As he started out his career as a screenwriter, director, and producer, M. Night Shyamalan learned the “beautiful lesson” that when it comes to his creative process, he only has himself to lean on.

“When you become successful early on in your career, you can get confused about what you do, and it can pull you from who you are and that can cause you to lose your power as a creator,” he said.

Creativity and emotion pours out in their purest form by focusing on what is within your control as a creative, Shyamalan also stressed.

“I tell stories for a living. I focus on the ingredients and in making sure the quality of those ingredients is super, super high,” Shyamalan said on stage in conversation with Jason Levine, Adobe’s principal Creative Cloud evangelist.

M. Night Shyamalan on stage at Adobe MAX

Shyamalan also discussed how the democratization of video is changing the film industry. He cited the positive, how “technology lets anyone tell their story which I absolutely advocate for,” but also pointed to the potential negative in that it can take the thinking out of the process.

“It used to be that you cut the film, tape it together, watch the cut, and then think through what’s working and what isn’t and how you can fix it," he said. "Now, with modern technology, you have five, six, seven, eight takes all at your fingertips instantly, and you stop thinking. We have to figure out how to use all that access in the right way.”

Throughout his 20-plus-year career, the one thing Shyamalan has always believed in (even when those huge movie studios didn’t) is himself.

“At the end of the day, if you don’t believe in you and your vision, why should anyone else?” he said.

Retaining You Is The Most Important Thing

Singer, songwriter, musician, director, and Foo Fighters founder Dave Grohl is a completely self-taught musician.

“I can’t read music–I do it by ear and a patterned mind. I can memorize arrangements, but don’t ask me to read music,” he said. “By never taking music lessons, I never thought there was any right or wrong, and in that thought alone there are beautiful imperfections. That’s what makes progress and changes music.”
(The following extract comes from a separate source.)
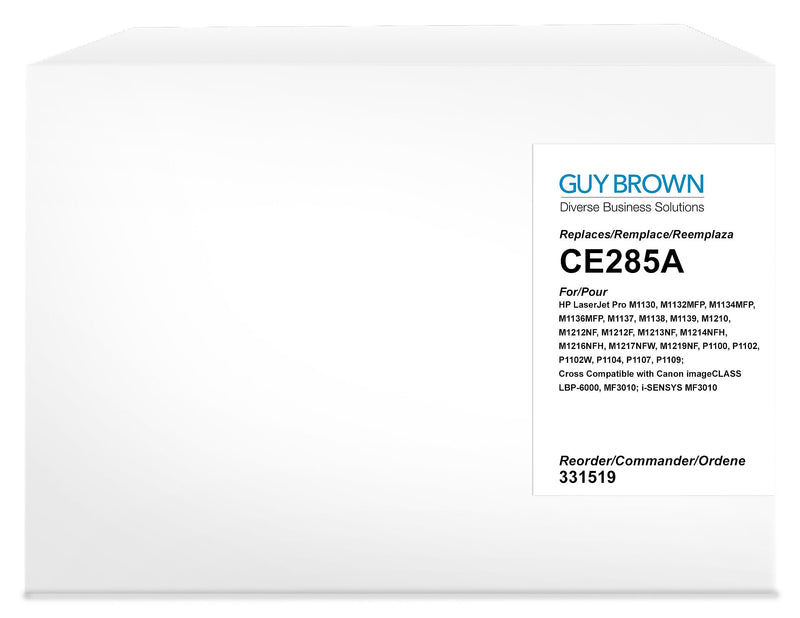Guy Brown Remanufactured Black Standard Yield Toner Cartridge Replacement for HP 85/Canon 125 (CE285A/3484B001)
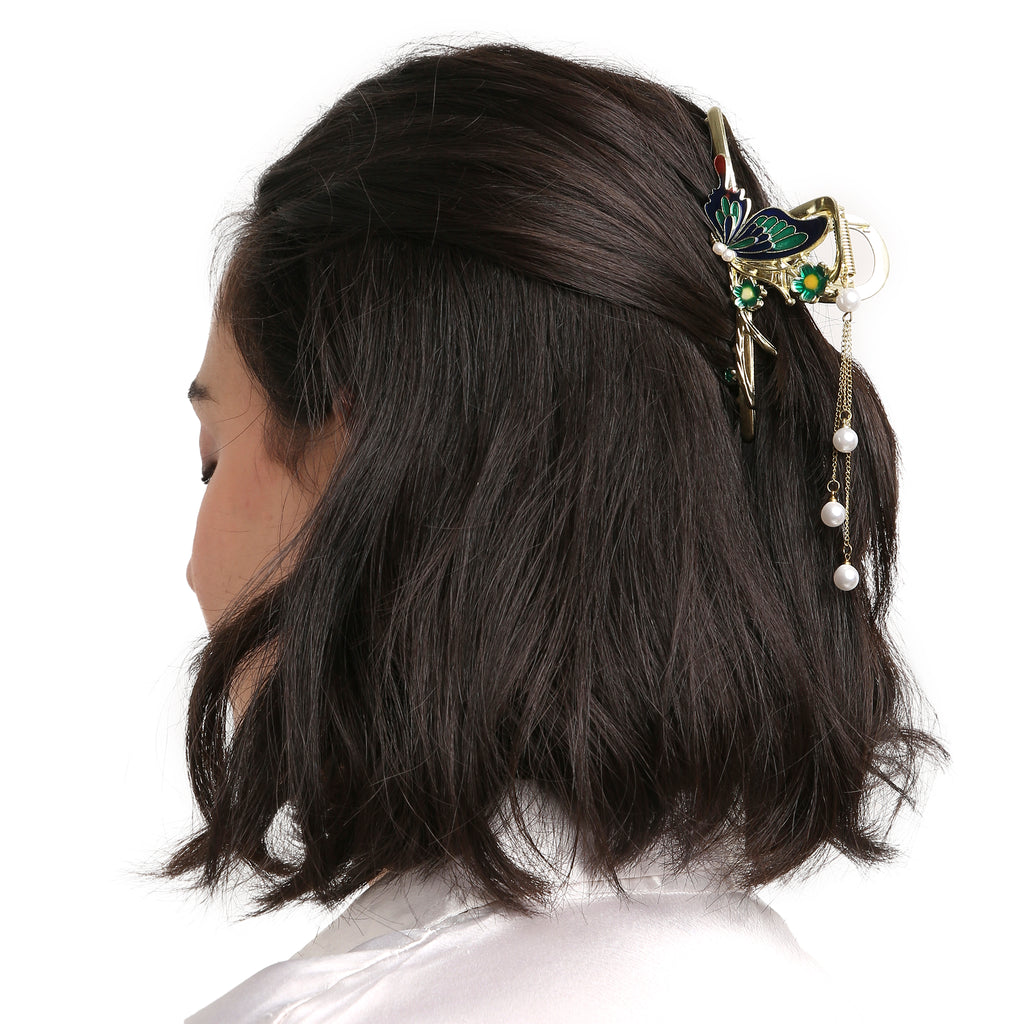 Butterfly Bloom Hair Clip - Blue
Growing up in a household with parents who were passionate about music made it easy for Grohl to also fall in love with it. 

“The first time I listened to drums was on a Rush album–that was it for me,” he said. “I set up pillows on my bed in the configuration of a drum and played along for hours and hours.”

Dave Grohl on stage at Adobe MAX

Grohl joined alternative rock band Nirvana and unexpectedly became a part of a musical revolution. 

“It had nothing to do with superficial image or conventional rock and roll. It was just about the songs and the art we were creating,” Grohl said.

In addition to playing the drums, Grohl frequently recorded songs on his own purely as a personal creative release, more for himself than for anyone else. 

“I realized that during tough times, music would save my life,” he said. “There is something about music and having an outlet where I could write something I actually felt that was actually me, and I put it out into the world that kept me going.”

As the Foo Fighters record their 10th studio album this year, Grohl has also shifted some of his creative focus to film-making, including HBO’s “Sonic Highway" series. 

“Everything I do is in the hope that I inspire someone to pick up an instrument and play for themselves,” he said.

As a father, Grohl stressed the importance of the up-and-coming generation knowing that the simple idea of grabbing an instrument and playing from the heart is still available to them.

“In the creative process, you can get ahead of your heart at times, but retaining you is really the most important thing,” he said.